What to do → Please write out exactly the lines from the one with "A bath with" through the end of the data below, both ends included, and omit any pictures.

Records for processing →
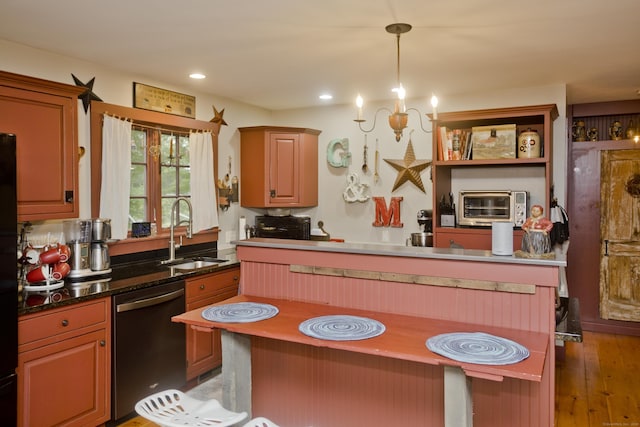 kitchen featuring hardwood / wood-style floors, sink, hanging light fixtures, dishwashing machine, and a chandelier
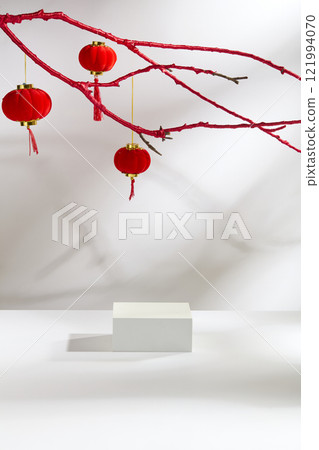 Overhead view of an empty white rectangular platform on a white background. Crimson lanterns swing from branches covered with red fabric. The Lunar New Year products advertisement photo. Overhead view of an empty white rectangular platform on a white background. Crimson lanterns swing from branches covered with red fabric. The Lunar New Year products advertisement photo. 121994070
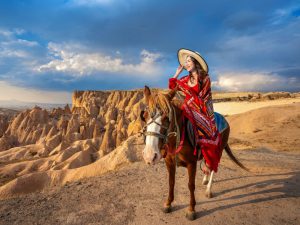 tourists enjoy ride horses cappadocia turkey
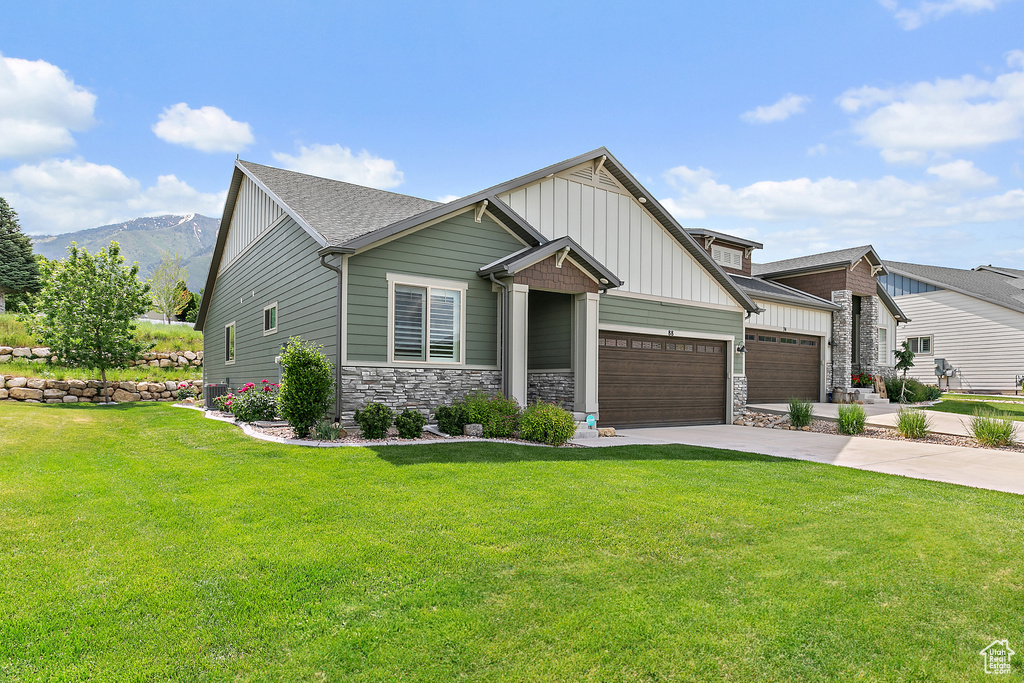 Craftsman house with board and batten siding, a garage, a front yard, and driveway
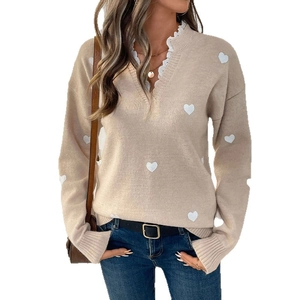 Women's V-neck knit sweater in beige with white heart patterns and lace stitching detail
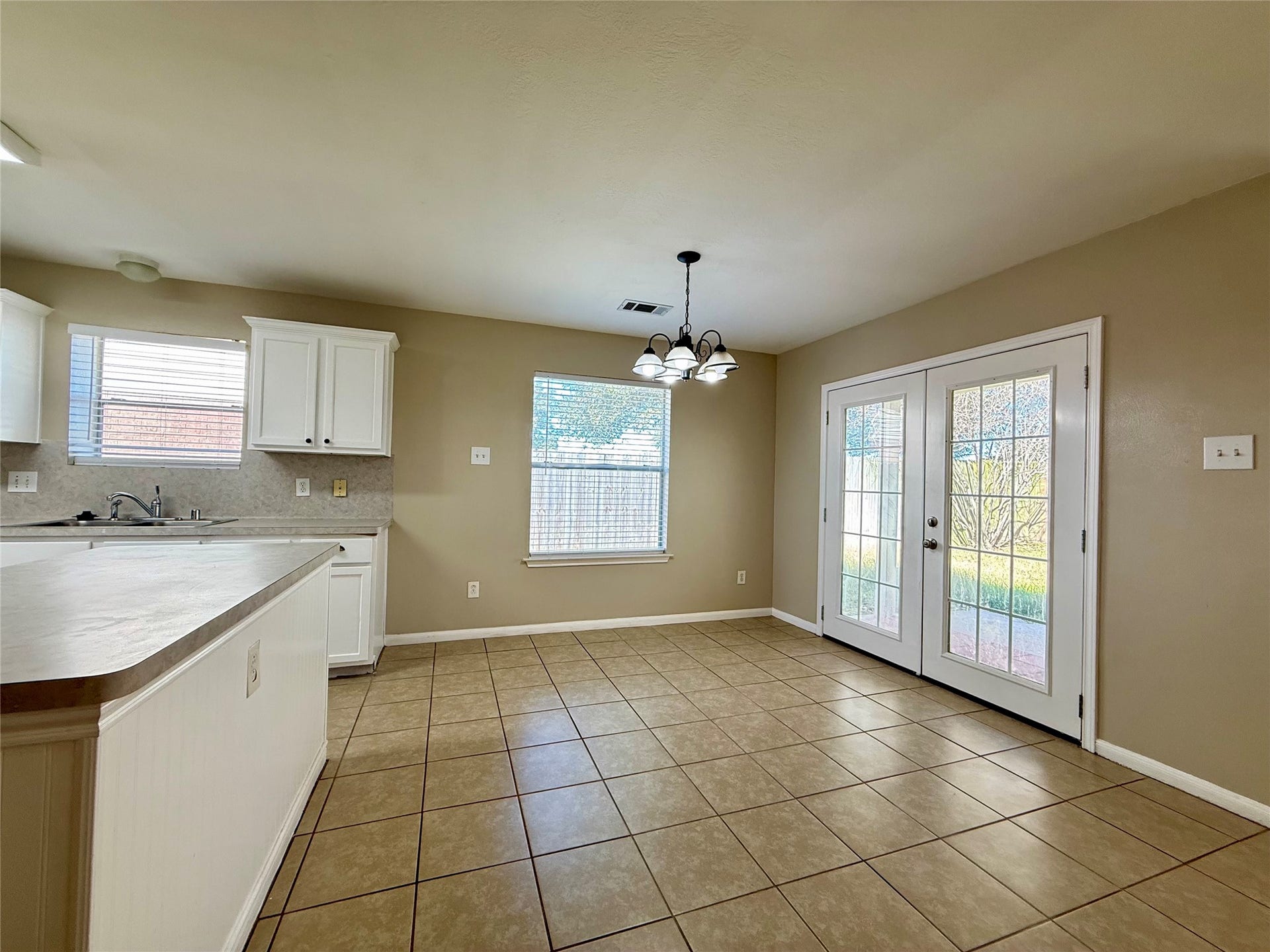 21514 Broadstone Drive, Katy, TX 77449 View of the breakfast area with double doors leading out to the backporch.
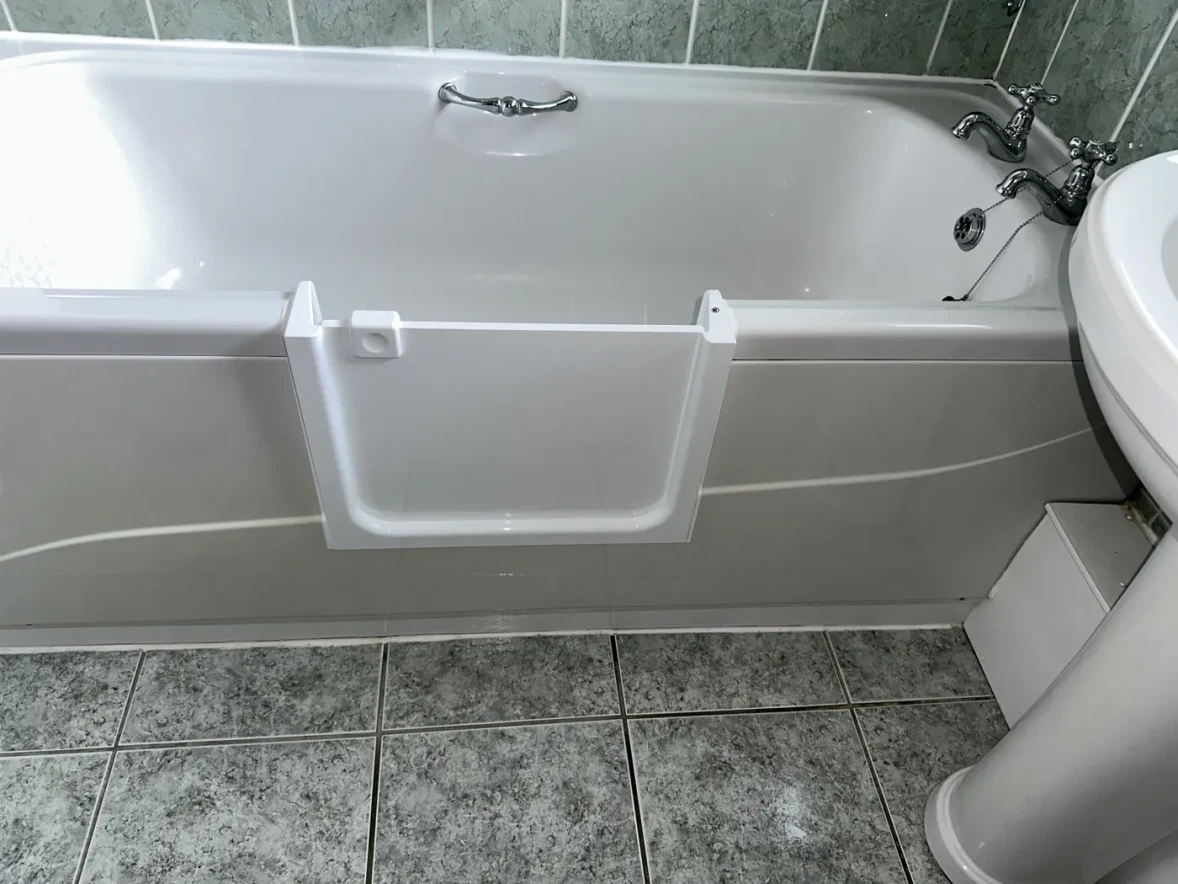 A bath with a UDOOR® door fitted, in a customer's own bathroom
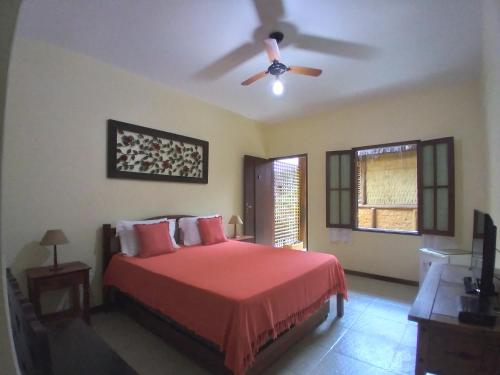a bedroom with a bed and a ceiling fan at Pousada da Terra Paraty in Paraty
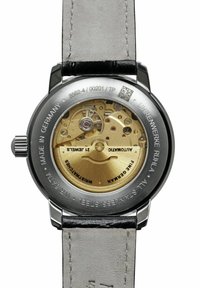 Automatic wristwatch with a stainless steel case, transparent back, gold-toned movement, and black leather strap. Detailed engravings present.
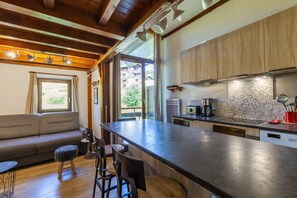 A modern kitchen with a central island, wooden cabinets, and a view of a building outside. - Manigod Merdassier Apartment 8 Guests, Shared Pool & Wi-Fi (Manigod)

Answer section →
 A bath with a UDOOR® door fitted, in a customer's own bathroom
a bedroom with a bed and a ceiling fan at Pousada da Terra Paraty in Paraty
 Automatic wristwatch with a stainless steel case, transparent back, gold-toned movement, and black leather strap. Detailed engravings present.
 A modern kitchen with a central island, wooden cabinets, and a view of a building outside. - Manigod Merdassier Apartment 8 Guests, Shared Pool & Wi-Fi (Manigod)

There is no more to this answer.